§ EXERCISE DESCRIPTION: Report each line of the records below that holds the word "yamada".

§ EXERCISE MATERIAL:
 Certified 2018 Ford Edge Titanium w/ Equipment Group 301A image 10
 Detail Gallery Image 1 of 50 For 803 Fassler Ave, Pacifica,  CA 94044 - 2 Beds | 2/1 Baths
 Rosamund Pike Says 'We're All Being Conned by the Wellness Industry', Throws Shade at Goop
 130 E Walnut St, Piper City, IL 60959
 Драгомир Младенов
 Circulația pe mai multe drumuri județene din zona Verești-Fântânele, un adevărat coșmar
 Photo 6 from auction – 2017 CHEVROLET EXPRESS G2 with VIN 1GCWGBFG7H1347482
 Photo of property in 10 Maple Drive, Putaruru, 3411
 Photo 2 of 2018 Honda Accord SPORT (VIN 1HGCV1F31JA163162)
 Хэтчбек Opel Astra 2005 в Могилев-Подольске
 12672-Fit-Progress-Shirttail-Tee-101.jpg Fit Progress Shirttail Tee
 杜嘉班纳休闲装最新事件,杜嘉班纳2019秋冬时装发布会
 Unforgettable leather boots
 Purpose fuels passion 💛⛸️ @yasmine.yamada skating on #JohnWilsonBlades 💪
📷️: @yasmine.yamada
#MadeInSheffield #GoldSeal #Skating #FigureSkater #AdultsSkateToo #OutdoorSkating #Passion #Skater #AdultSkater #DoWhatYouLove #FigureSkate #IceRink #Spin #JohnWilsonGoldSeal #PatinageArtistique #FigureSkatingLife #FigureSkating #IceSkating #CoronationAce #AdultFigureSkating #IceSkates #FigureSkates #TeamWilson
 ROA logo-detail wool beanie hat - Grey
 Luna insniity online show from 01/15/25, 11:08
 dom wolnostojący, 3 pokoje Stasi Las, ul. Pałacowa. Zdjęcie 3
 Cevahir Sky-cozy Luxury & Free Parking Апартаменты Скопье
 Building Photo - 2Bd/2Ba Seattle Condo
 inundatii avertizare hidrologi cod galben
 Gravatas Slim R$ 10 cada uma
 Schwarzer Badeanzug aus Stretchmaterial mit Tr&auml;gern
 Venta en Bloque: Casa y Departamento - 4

§ RESPONSE BOX:
 Purpose fuels passion 💛⛸️ @yasmine.yamada skating on #JohnWilsonBlades 💪
📷️: @yasmine.yamada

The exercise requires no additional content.